The process of globalization, brought about by forces such as advancing technologies, improved infrastructures and variable markets, permeates and influences every aspect of people’s lives, such as consumption habits, relationships management and, most of all, business practices. Larsson’s definition talks about the ‘shrinkage’ of the world, and this is precisely the impression we have when we stop and notice how easy it is to get in touch with a friend who lives on another continent, to buy items produced thousands of kilometres away or to keep informed about what is happening all over the globe. This phenomenon has simplified the life of the world’s inhabitants in many respects, but the increased interconnectedness has reinforced notably interdependence among countries, markets and businesses. In the business environment, where relations with potential stakeholders, customers, partners, competing companies and employees have always played a crucial role, the increased competition and the need to communicate constantly and with interlocutors coming from heterogenous linguistic and cultural backgrounds has ascribed new centrality to language matters.

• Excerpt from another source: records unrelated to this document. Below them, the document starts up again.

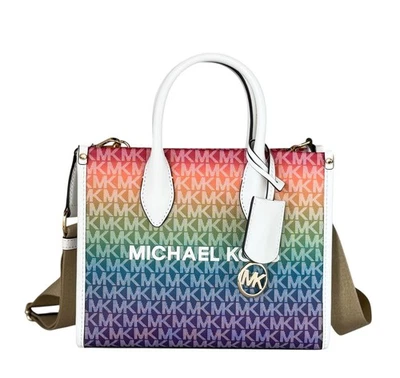 MICHAEL KORS MIRELLA RAINBOW SMALL SHOPPER SATCHEL SHOULDER BAG MK MULTICOLOR - Image 1 of 4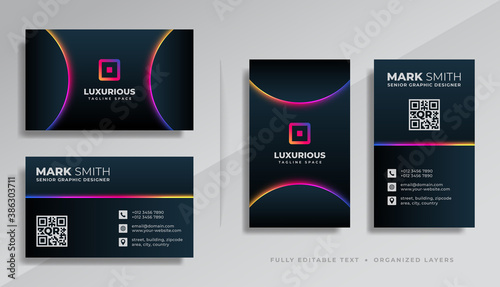 Modern professional luxurious business card template design with colorful glow light effect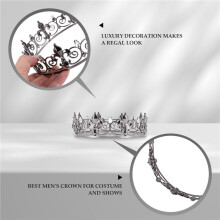 Gothic Full King Crown - Metal Crowns and Tiaras for Men & Boys, Goth Prince Prom Party Hats, Halloween Cosplay Costume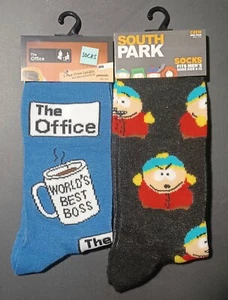 Mens Novelty Crew Socks The Office South Park Cartman 2 PR Lot NEW - Bild 1 von 2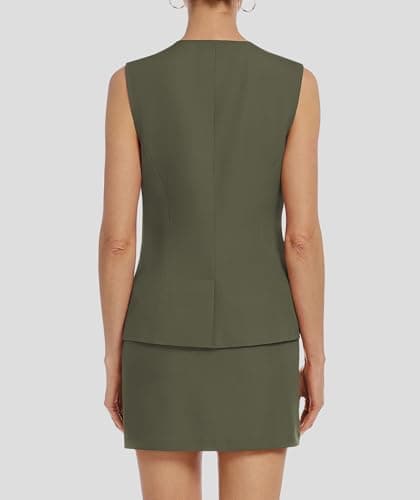 Casly Lamiit Womens Suits 2 Piece Set Summer Business Blazers Vest Skirts Set Button Down Sleeveless Waistcoat Dressy Casual Outfits Army Green L - Thumbnail 4
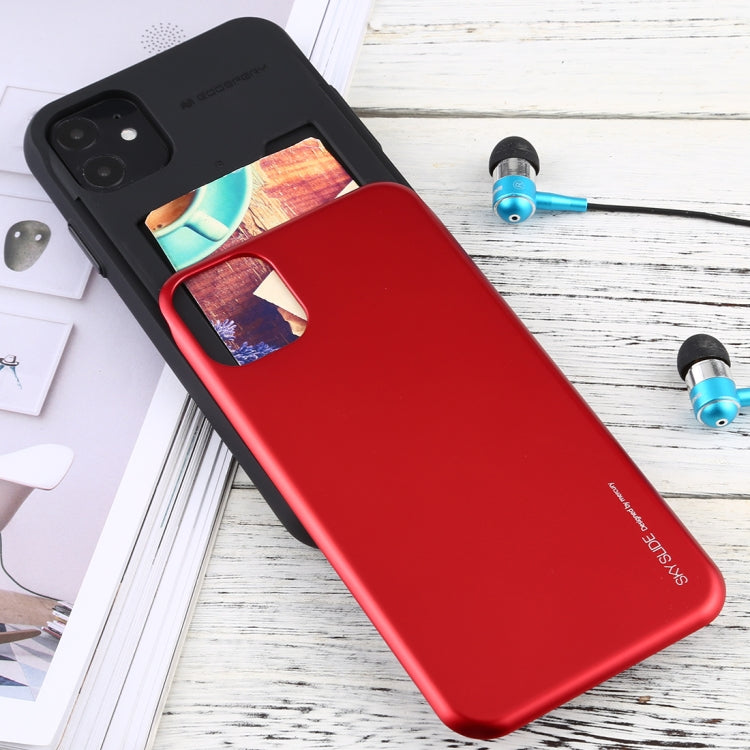 For iPhone 11 MERCURY GOOSPERY SKY SLIDE BUMPER TPU + PC Case with Card Slot
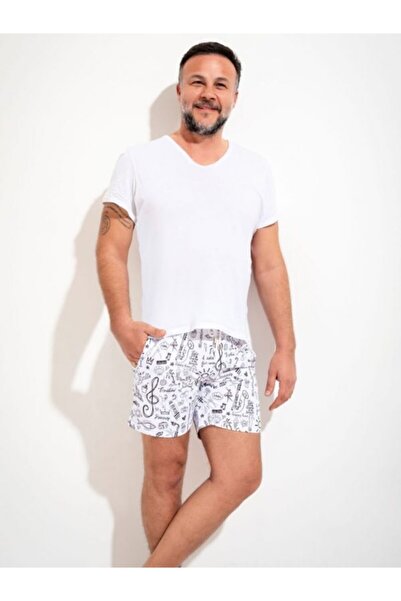 LOVEKINI Men's White Happy Hour Sea Shorts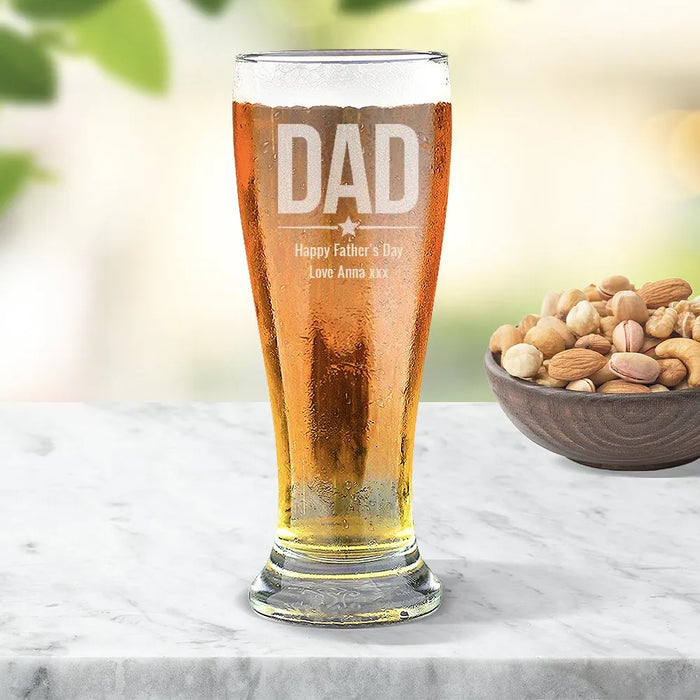 Dad Engraved Premium Beer Glass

As argued by Friedman (2006: 10), globalization can be divided into three stages: “While the dynamic force in Globalization 1.0 was countries globalizing and the dynamic force in Globalization 2.0 was companies globalizing, the dynamic force in Globalization 3.0 – the force that gives it its unique character – is the newfound power for individuals to collaborate and compete globally”. These stages are not separate, but cumulative, coexisting and merging. This conceptualization was studied by Charles (2007, 2011), who noticed that there is a fil rouge which links all three stages: language. In stage 1.0, companies were static, compartmentalized entities with import and export departments through which countries were linked up. In such context, only professionals involved with foreign trade needed to employ languages on a daily basis. To fulfil the specialist language requirements of foreign trade, Language for Specific Purposes (LSP) emerged, and it was mconcerned with terminology and contrastive linguistics.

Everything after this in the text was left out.